Sheriff’s Team of Active Retired Seniors
The morning after a recent rash of car burglaries on the Paradise ridge, every desk in the Sheriff’s Department Magalia substation was occupied by a S.T.A.R.S. volunteer filling out crime reports.
Had these volunteers from S.T.A.R.S.—the Sheriff’s Team of Active Retired Seniors—not been available, sheriff’s deputies would have done the work, potentially taking them away from crucial law enforcement tasks. Since its inception in 1993, S.T.A.R.S. volunteers have donated more than 275,000 hours of service to the department.
While some S.T.A.R.S. volunteers receive special training and are able to assist deputies in crime scene investigation and in the taking of crime reports, probably the most important function of the S.T.A.R.S. is patrolling and providing a visual presence in the community.
S.T.A.R.S. Commander Jim Ratekin describes what they do as being the “eyes and ears of the Sheriff’s Department.” Trained to spot things that look amiss, volunteers provide house checks for vacationing owners, as well as patrolling out-of-way locations that might not otherwise receive much attention.
Patrol volunteer Jim Langdon says most people are genuinely appreciative of the volunteers, especially kids who clamor for junior deputy badges or deputies’ trading cards.
“I have people stop me on little streets that you’d think probably no patrol ever goes down, and they say, ‘Hey, thank you for coming down; we appreciate it,'” Langdon said.
The S.T.A.R.S. also staff the substations, providing dispatch, answering the phones, greeting and assisting the public and providing any assistance the deputies may need.
Ratekin says the S.T.A.R.S. volunteers are also particularly proud of their community service and crime prevention education programs. For example, volunteers set up a Megan’s Law booth at various events that allows people to search a database of convicted child molesters.

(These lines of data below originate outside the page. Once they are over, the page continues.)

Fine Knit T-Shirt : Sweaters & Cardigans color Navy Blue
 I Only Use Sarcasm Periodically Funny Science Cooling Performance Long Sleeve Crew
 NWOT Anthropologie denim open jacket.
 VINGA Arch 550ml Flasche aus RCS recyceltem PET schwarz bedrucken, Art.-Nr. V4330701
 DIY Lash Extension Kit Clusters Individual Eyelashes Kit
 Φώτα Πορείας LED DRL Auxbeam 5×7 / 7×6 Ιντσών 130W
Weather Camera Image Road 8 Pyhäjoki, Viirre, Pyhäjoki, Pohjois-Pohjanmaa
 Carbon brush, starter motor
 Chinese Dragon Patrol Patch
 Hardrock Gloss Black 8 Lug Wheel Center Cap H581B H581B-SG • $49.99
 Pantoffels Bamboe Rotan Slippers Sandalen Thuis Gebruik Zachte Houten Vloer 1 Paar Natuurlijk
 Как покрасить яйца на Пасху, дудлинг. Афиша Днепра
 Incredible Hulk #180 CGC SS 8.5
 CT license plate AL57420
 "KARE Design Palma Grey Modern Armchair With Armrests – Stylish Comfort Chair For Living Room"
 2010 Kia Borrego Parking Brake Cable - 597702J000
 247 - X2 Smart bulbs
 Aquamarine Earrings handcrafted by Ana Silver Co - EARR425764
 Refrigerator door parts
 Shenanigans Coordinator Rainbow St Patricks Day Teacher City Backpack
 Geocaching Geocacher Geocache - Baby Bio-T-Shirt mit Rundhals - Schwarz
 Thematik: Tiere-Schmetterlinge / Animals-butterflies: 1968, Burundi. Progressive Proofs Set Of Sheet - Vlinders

Volunteers also assist with the Neighborhood Watch program and make safety presentations to children utilizing Barney, the Talking Patrol Car and Deputy McGruff. Another program, Vanished Children, teaches elementary-school children how to prevent abduction.
A bit of a departure for the S.T.A.R.S. volunteers is their bicycle giveaway program. Bikes that are turned in as found or stolen property, after being held for the prescribed time, are repaired by workers in the Sheriff’s Work Alternative Program (SWAP) supervised by S.T.A.R.S. volunteers. The bikes are given away at Christmas to children who couldn’t otherwise afford them.
Last year more than 70 bikes were given away, and this year Ratekin says they’re on track to complete at least 125. Donations of new or used bikes or parts, in frame sizes from 12 to 18 inches, are appreciated.
Men and women are encouraged to join the S.T.A.R.S. ranks. Volunteers must be at least 50 years of age and able to pass a background investigation. New volunteers are given a preliminary introduction to procedures before being sent out for on-the-job training. S.T.A.R.S. volunteers then must attend the next 44-hour training academy, offered twice annually.
“This job is the best hands-on volunteer job I’ve ever seen,” Ratekin said. “We have the rewards of actually physically doing some of the things the deputies do. But in addition, we offer volunteers what volunteers need, like self-satisfaction … and the feeling of self-worth. You can go home in the evening and feel good about what you did that day. You just didn’t just file some letters. You actually made a difference.”
Support from the community is also appreciated, and Ratekin encourages residents to watch for their fund-raising events, including pancake breakfasts and dances. Aside from vehicle maintenance and basic office supplies, which are provided by Butte County, the S.T.A.R.S. rely on fund-raising for all their equipment.